The DBMS will be running on a remote machine. The application will be running on an android phone.
Thanks in advance!
I would not suggest concatenating a bunch of values together to send a delimited string to the database. That just creates additional work on the database to parse the string.
Any reasonable framework for interacting with the database will let you create and send batches of SQL statements with different values for the bind variables to the database. That keeps the nice, friendly syntax of the stored procedure or INSERT statement, it keeps the database properly normalized, and it accomplishes the performance goal of minimizing the number of round-trips.
If the dbms is running on a good server, and all you do with the data is a simple insert to a reasonably simple table, 1 insert per second should not a strain at all. I'd expect it to be hardly measurable.
The question you really have to answer is the tolerance you have for losing data. A request per second transferring under 1k of data isn't much, especially using json vs. xml. Then again, battery life is something to keep in mind on mobile devices, so making a request every 5-60 seconds is also doable.
There's no reason you cannot batch your updates to the server.
If you have no tolerance for data loss, you could collect your batch of 50 updates on local storage, and upload them.
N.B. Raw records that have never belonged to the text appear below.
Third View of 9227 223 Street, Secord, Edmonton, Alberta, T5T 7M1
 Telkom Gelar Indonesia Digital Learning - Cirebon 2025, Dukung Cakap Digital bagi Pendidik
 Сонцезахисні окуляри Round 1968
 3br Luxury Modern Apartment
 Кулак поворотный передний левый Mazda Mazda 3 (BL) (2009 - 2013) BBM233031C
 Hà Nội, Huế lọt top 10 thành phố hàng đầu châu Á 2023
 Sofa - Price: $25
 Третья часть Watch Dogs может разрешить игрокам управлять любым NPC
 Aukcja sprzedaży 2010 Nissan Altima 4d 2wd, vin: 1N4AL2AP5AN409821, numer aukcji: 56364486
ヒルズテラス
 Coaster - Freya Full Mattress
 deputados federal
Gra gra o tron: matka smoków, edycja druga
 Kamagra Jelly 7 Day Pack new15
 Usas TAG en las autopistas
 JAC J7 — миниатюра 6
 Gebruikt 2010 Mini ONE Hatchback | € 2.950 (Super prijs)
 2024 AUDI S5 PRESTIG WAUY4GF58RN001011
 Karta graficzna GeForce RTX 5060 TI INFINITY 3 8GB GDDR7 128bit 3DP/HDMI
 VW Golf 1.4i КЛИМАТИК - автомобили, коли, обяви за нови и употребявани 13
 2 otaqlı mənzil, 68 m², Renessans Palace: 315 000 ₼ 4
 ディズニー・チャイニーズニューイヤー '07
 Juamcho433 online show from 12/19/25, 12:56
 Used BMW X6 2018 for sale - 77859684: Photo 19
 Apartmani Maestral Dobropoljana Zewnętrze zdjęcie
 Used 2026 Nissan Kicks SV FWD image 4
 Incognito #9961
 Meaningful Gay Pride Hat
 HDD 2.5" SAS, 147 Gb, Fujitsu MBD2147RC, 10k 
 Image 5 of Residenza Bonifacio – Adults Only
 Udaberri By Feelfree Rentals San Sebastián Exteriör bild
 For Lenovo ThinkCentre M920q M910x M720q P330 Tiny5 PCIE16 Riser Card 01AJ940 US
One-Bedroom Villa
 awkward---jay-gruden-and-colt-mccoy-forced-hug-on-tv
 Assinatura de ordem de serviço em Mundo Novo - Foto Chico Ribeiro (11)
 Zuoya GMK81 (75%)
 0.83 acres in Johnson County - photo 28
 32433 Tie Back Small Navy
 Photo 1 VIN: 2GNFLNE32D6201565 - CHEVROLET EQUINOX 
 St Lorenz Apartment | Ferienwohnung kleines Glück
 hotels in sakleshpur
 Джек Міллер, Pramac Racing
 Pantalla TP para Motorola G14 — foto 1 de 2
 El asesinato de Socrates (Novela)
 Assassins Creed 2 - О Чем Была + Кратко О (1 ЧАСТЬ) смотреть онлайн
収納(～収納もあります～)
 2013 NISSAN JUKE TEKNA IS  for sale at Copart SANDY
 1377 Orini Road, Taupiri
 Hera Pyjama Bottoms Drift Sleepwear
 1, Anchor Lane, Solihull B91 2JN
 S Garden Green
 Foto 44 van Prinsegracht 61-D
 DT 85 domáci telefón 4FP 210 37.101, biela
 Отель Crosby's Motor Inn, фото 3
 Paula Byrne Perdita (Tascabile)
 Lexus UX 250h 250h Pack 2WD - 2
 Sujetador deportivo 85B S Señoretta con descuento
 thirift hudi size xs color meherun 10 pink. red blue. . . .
If a failure occurs in transmission you can resend. In this case, however, I would want to have some record ID that's reasonably guaranteed to be unique, such as a UUID. This way the server can see which records it's already processed and exclude them from reprocessing.
I'm going to address the issue of storing it as a delimited string. HOw do you intend to query this data after it is stored? If you will need to find the data for one or aeven a small group of values but not the entire string, donot consider storing the data this way as it will give you horrible performance in querying and will be very painful to write queries for. In general, storing more than one piece of dat ina field is a bad thing, it means you need a related table.
Also, for what you are doing, if you don't need to to analytical querying of the data, perhaps a nosql database would be a better choice than a relational database.